Edit: Rats, too slow!


Didn’t Mike Rowe work at a sugar refinery in Louisiana?

I don’t know about that, but according to Wikipedia, the refineries are generally located near the consumers, not necessarily near the fields. A sugar refinery in Louisiana would presumably be importing raw sugar from the Caribbean.

You may be right, but I would think that shipping a raw product like sugar cane would be cost-prohibitive.

Further research is indicated.

My father was an accountant who worked at Dr Pepper headquarters in Dallas; he was one of the few people who knew exactly what went into Dr Pepper. That is to say, he knew the contents but NOT the recipe. IIRC, it was during WWII that they began using beet sugar and he absolutely hated the change in taste. There are still a few (or less) bottling plants that use cane sugar and he was ecstatic when he could buy their products. He did love him some Dr Pepper but only the “pure” thing. Personally, I wouldn’t drink Dr Pepper for pay, mostly because I was never allowed to have anything else as a child.

The “berry” in “berry sugar” denotes from the fact that it can be sprinkled on berries.
The “beet” in “beet sugar” denotes the fact that it is derived from sugar beets.

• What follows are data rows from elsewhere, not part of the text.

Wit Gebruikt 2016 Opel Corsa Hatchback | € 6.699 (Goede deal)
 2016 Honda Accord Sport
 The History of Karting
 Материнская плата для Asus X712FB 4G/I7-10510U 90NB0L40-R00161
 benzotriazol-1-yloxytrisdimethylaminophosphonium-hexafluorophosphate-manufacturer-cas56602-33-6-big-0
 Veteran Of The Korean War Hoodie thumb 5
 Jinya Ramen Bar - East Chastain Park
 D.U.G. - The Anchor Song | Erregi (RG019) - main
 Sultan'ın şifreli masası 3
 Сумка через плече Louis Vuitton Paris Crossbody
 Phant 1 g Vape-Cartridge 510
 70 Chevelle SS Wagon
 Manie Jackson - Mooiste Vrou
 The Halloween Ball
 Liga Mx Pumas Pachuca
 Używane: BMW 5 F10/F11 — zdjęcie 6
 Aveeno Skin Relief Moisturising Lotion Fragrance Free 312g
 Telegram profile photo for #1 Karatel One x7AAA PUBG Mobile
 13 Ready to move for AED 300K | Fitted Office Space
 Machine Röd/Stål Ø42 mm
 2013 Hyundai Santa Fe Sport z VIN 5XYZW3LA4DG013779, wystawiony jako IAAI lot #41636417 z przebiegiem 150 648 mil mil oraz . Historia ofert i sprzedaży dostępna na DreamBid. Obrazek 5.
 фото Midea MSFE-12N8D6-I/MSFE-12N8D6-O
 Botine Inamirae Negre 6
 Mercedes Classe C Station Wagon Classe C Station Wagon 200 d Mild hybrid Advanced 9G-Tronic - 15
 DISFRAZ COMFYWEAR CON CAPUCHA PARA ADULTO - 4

I don’t know about the raw sugar cane, but there are, I believe, seven very wealthy families in Florida who would not do nearly so well if the US Government didn’t provide them with price support. If the US imported sugar (raw or cane) from Cuba*, I believe (IIRC) that the price we pay in the grocery store would be cut in half, or less, as a result.

*I believe there are a few small producing countries who would love to export to the USA but I believe Cuba has the most production.